• Task objective: Lines from the beginning of the data through the line containing "12. Plum Crochet Beret With Wasabi Band" are to be copied exactly, with no other line included.

—————

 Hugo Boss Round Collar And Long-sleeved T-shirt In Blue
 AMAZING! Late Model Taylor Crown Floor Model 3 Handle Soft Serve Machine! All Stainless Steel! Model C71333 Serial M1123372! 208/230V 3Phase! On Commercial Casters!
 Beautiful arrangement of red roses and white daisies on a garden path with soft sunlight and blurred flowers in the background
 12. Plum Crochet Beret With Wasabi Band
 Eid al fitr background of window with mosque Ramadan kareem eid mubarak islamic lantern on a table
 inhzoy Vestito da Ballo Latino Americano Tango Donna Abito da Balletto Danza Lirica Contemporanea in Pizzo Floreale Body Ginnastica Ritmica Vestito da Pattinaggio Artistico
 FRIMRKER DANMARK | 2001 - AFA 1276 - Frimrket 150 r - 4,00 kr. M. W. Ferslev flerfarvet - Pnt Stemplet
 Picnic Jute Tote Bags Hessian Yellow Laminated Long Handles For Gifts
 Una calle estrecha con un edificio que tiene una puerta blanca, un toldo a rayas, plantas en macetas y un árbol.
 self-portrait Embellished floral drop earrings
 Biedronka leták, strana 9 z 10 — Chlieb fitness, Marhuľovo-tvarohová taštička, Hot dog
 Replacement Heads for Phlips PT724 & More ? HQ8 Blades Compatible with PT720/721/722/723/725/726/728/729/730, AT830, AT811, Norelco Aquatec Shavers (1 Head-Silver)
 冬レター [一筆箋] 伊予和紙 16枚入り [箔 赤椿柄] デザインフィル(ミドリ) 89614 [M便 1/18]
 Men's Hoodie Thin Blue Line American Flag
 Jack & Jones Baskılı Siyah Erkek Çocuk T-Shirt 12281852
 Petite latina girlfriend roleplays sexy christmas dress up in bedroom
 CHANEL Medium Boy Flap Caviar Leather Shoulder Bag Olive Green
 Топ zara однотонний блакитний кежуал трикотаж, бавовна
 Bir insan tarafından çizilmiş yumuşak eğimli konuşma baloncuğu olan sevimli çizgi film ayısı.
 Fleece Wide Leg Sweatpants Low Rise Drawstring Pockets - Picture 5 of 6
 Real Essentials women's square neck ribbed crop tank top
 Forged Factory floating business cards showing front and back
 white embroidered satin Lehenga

—————

• Exercise output:
 Hugo Boss Round Collar And Long-sleeved T-shirt In Blue
 AMAZING! Late Model Taylor Crown Floor Model 3 Handle Soft Serve Machine! All Stainless Steel! Model C71333 Serial M1123372! 208/230V 3Phase! On Commercial Casters!
 Beautiful arrangement of red roses and white daisies on a garden path with soft sunlight and blurred flowers in the background
 12. Plum Crochet Beret With Wasabi Band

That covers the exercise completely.